記録よりも記憶に
仕事上、お客さんの前でパワーポイントを使って説明ということがよくある。いわゆる「プレゼン」というやつだが、今度の説明会の順番を見てあることに気が付いた。
この説明会のメインは最後に説明する人のやつで、他のやつは補足説明のような感じなのだ。全部で6つの説明項目があるうち、僕の説明の部分は4つめ。つまりちょうど真中のあたりで、一番中だるみしてしまう部分である。
ここで普通に淡々と説明しては、おそらく皆の記憶に残るプレゼンにはなりえないだろう。「早く終われよ」とかそういう視線を浴びる羽目になる。 それは絶対に避けたいところだ。
そこで僕は考えた。こういう長丁場ではいったいどういう方法をとるべきなのか。研究材料として「紅白歌合戦」を改めて見ていると、ある一つの事実に気付いたのである。それは、「小林幸子」の存在だ。
彼女はいつも、全時間の真ん中よりちょっと後らへんで出番が用意されている。これは間違いなく、NHKの中だるみを防ぐ作戦に違いない。
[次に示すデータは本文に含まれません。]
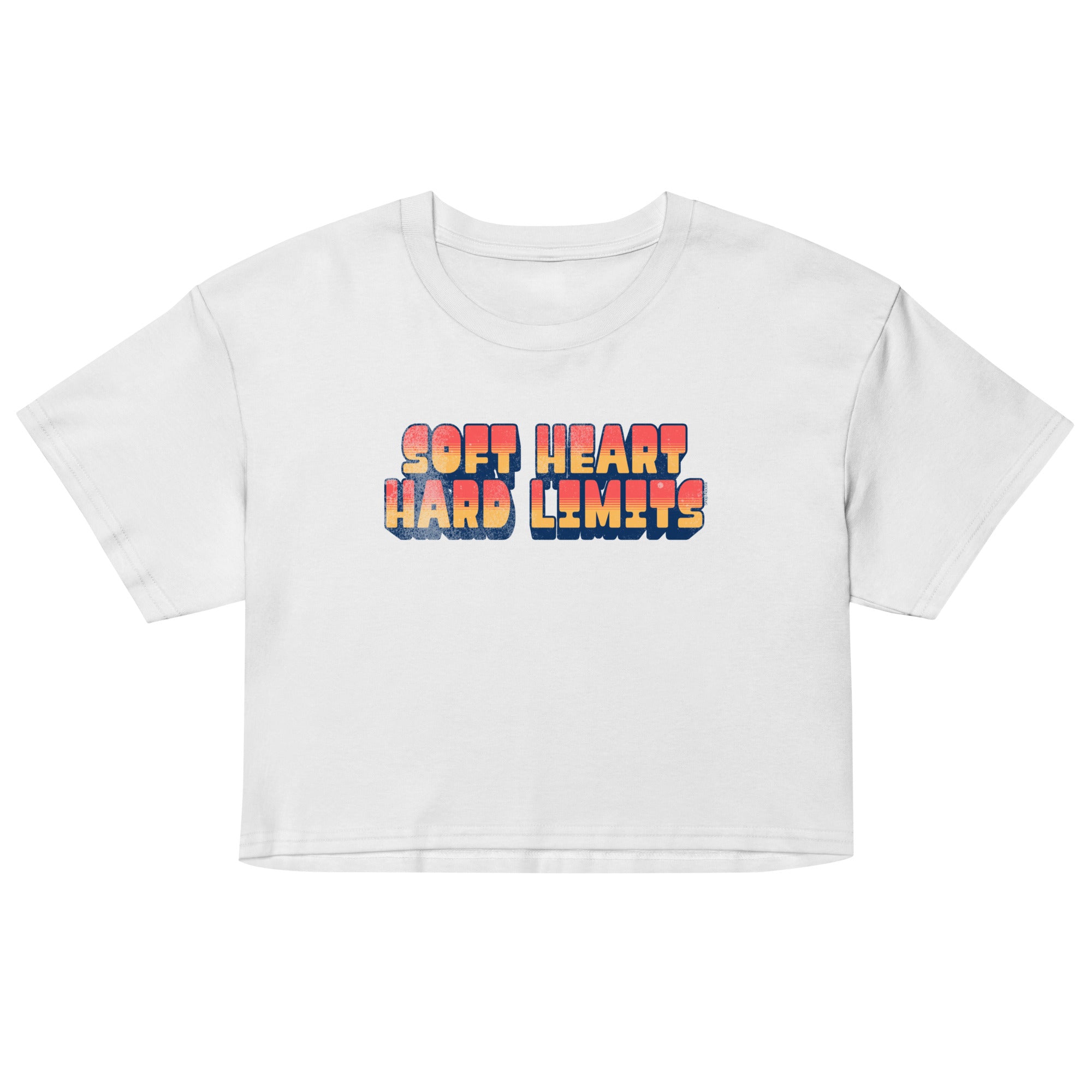 White crop top with colorful text 'SOFT HEART HARD LIMITS' on a white background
彼女のような存在がいれば、長丁場での中だるみを防ぐことができるのである。
つまり、衣装対決だ。
何千万円も賭けられた、衣装だか装置なのかわからない服を身にまとい、電飾をちりばめてお客さんの前に立つ僕。説明中にも衣装が一瞬でチェンジ。黒子に脱ぎ捨てた衣装を片付けさせるのも忘れてはいけない。
クライマックスに近づくにつれ、ワイヤーに吊られて段々と宙に浮いていく僕。お客さんの頭上を華麗に舞い、そのまま会議室を退場。